The ensemble has collaborated with renowned artists such as Charles Neidich, Pavle Dešpalj, Andrei Gridchuk, Galina Pisarenko, Hibla Gerzmava, Yana Ivanilova, and Carmen Balthrop among others. In 1994, the annual Art-November Festival was established in Moscow by the Brahms Trio.

==The History of the Russian Piano Trio==
In recent years, Russian chamber music has been at the heart of the artistic activities of the Brahms Trio. The ensemble's repertoire includes all the famous Russian piano trios and many previously unknown works by Russian composers of the Silver Age and Art Nouveau, including the piano trios of Vladimir Dyck, Sergei Yuferov, Konstantin Sternberg, Nikolai Lopatnikoff and others, that were premiered by the Brahms Trio. The first anthology of the Russian piano trio, recorded by the Brahms Trio, a series of 15 CDs, titled ’History of the Russian Piano Trio’, will be released by NAXOS from November 2020 onwards.

==Moscow Conservatory==
Graduates of the Moscow Conservatory, the members of the Brahms Trio are extending the traditions of the Russian school of performing arts and music education established by Anton Rubinstein in the 19th century.

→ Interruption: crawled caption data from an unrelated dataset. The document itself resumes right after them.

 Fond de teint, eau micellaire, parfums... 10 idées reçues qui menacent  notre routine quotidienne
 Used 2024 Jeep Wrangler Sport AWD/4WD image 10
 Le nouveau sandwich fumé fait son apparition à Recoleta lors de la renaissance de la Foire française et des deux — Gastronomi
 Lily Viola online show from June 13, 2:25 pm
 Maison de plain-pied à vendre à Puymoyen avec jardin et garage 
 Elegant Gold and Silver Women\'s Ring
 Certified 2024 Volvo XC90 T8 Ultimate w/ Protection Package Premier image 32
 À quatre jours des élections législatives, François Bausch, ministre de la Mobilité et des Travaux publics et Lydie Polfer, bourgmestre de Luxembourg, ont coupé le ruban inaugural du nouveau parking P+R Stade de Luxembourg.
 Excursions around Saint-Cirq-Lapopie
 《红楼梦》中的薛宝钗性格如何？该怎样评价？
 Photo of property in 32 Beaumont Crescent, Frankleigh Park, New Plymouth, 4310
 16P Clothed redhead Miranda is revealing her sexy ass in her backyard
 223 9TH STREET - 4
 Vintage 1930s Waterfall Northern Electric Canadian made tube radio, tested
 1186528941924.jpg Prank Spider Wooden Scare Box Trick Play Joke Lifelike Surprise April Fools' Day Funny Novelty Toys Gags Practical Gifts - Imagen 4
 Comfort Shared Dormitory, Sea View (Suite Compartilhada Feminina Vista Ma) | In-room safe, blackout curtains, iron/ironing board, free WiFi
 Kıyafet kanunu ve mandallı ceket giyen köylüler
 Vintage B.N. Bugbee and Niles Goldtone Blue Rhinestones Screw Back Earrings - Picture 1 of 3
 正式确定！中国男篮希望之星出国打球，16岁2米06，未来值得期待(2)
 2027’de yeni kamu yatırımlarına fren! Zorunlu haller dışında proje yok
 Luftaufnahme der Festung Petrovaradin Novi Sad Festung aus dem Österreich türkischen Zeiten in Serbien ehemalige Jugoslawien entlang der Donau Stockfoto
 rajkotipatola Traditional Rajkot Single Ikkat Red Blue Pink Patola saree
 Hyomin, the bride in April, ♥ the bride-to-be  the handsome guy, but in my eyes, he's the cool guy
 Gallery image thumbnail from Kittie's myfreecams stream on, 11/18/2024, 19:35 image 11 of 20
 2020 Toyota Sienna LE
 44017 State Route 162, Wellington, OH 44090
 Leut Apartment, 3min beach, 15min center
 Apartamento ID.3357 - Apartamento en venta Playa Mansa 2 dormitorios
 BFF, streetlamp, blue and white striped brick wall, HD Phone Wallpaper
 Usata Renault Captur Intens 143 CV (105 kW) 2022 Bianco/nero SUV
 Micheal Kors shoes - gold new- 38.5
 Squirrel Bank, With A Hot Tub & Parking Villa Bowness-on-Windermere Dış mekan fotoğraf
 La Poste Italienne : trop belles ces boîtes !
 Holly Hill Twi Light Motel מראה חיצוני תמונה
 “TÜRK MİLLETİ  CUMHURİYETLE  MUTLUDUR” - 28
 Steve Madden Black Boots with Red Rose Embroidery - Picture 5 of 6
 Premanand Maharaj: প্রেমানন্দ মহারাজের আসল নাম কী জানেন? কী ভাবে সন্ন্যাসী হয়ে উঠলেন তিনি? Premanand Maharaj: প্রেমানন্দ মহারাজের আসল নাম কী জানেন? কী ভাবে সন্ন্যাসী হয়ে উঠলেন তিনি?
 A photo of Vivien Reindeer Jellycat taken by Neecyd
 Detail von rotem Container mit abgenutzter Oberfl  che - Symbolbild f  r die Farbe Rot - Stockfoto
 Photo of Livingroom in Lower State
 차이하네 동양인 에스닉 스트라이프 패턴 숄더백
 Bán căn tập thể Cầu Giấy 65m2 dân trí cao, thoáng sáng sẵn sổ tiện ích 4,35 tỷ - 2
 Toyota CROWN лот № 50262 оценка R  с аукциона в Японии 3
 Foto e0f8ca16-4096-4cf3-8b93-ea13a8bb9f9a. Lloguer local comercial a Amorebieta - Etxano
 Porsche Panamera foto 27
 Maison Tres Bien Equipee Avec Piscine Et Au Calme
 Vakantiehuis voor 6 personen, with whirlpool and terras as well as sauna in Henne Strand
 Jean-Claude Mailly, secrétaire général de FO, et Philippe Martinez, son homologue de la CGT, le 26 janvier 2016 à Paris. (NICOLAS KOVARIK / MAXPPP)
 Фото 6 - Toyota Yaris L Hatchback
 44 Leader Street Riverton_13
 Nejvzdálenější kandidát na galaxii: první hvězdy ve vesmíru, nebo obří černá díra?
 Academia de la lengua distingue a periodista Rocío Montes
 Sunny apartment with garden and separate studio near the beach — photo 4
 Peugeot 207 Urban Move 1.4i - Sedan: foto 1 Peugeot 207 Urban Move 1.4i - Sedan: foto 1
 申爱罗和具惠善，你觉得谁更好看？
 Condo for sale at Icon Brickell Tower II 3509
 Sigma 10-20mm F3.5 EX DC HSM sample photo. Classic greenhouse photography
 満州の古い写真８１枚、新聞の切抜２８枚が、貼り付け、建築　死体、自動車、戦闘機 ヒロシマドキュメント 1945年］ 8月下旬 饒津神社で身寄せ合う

Natalia Rubinstein has been a Professor of chamber music at the Moscow Conservatory since 2003, and Kirill Rodin has held a position as a Professor of cello since 1990. Their students regularly become laureates of Russian and international competitions, and many of them are actively performing and teaching at universities and conservatories all over the world. On the initiative of the Brahms Trio, an annual series of chamber music concerts with young performers is being held at the Moscow Conservatory and the State Institute for Art Studies in Moscow. In 2018, a similar concert series of Russian chamber music, performed by young ensembles of the Moscow Conservatory, has been established by the Brahms Trio at the Albert Long Hall of the Boğaziçi University in Istanbul.

Since 2009, the Brahms Trio has annually opened the chamber music concert season at the Moscow Tchaikovsky Conservatory.